I wrote and watched for about an hour, and I packed up only when I begrudgingly admitted I had ESL lesson plans to write. As I threw out my trash and headed to the sidewalk, a National Grid van drove by, and Eric’s white beard shown in the sun. He waved a big wave and said, “Catherine!”, and I smiled.

There is an ease to small-town living that I don’t know if I could live without.

Faces and Illuminated Manuscripts

I wander into the throng of people, past the long table covered in delicious-looking food, and into the gallery. I haven’t been in this building in nearly two years; the tile floors and walls of windows remind me of creative writing classes and theatre monologues and my first interview for college admission.

Now I’m twenty-four years old and attending the senior project of a fellow lit-journal friend. I’m not sure who I’ll run into, who will glance at me from across the room and smile (or not smile). I rarely like to read about the projects first – the words get all tied up in my mind and crowd out what my eyes are seeing – so I skip ahead and look at the repetition of trees and brick building edges. In the center is a dark, tiny room, with illuminated manuscripts meticulously created. Candles flicker, and I want to reach out and touch despite the “Please Do Not Touch” sign.

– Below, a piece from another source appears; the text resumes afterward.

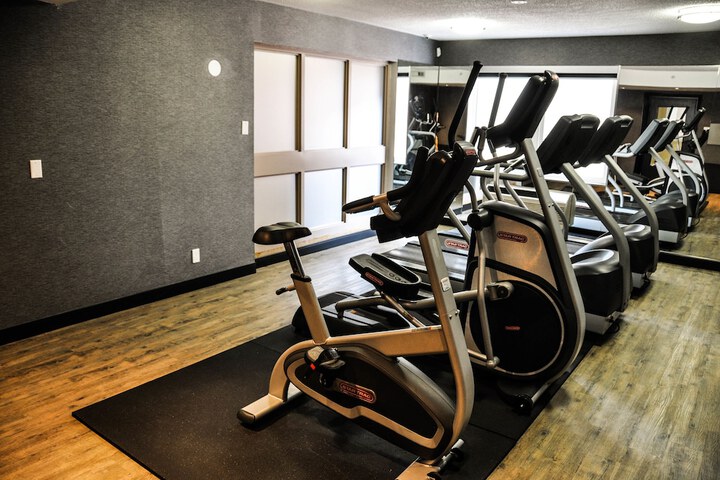 Residence & Conference Centre - Kitchener Waterloo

I know it’s hers when I see the faces, familiar faces that I can’t put names to. The oil paintings watch us as we gaze, and I’m shocked at the enormity of time and material and space this takes up.

[My senior thesis was “Poetry and Music”, a mere hour and ten minutes of my hardest and best and most exhausting work. English, German, Italian : aria, song, jazz. That was two years ago.]

I know why I’ve come when I run into an old professor, a man who sat across from me in a Salzburg coffee shop and didn’t have to pretend he was interested in our conversation. We stand talking, he, his wife, another art professor, and I.

Teaching Latin at a Christian school. Love it.

What’s next?

THIS. or THIS. or THIS.

You’ve got the moxie for that.

And even though I’ve never heard the word “moxie” other than soda, I know what it means, and I smile.

So it can be done! You did it – taught and created and studied – and now look at you! Yes.

My fear of being the one who “had so much potential” but never quite cut it ebbs as I see the lack of concern in their eyes.

We do not actually know it, but we sense it: our life has a sister vessel which plies an entirely different route. While the sun burns behind the islands.

– “Blue House” by Tomas Transtromer

Pure Poetry

Dylan was the word-maddest of word-mad young poets.

Often the best poems happen when lines cross; when poets write in pursuit of the spirit while their words still roar with years of obsession and love.

Dylan never put his poetry in service to anything but poetry. He served the Muse; he wrote pure poetry. But what is pure poetry pure of? It is pure of thought and pure of feeling, pure of vision; its largest emotion is love for itself.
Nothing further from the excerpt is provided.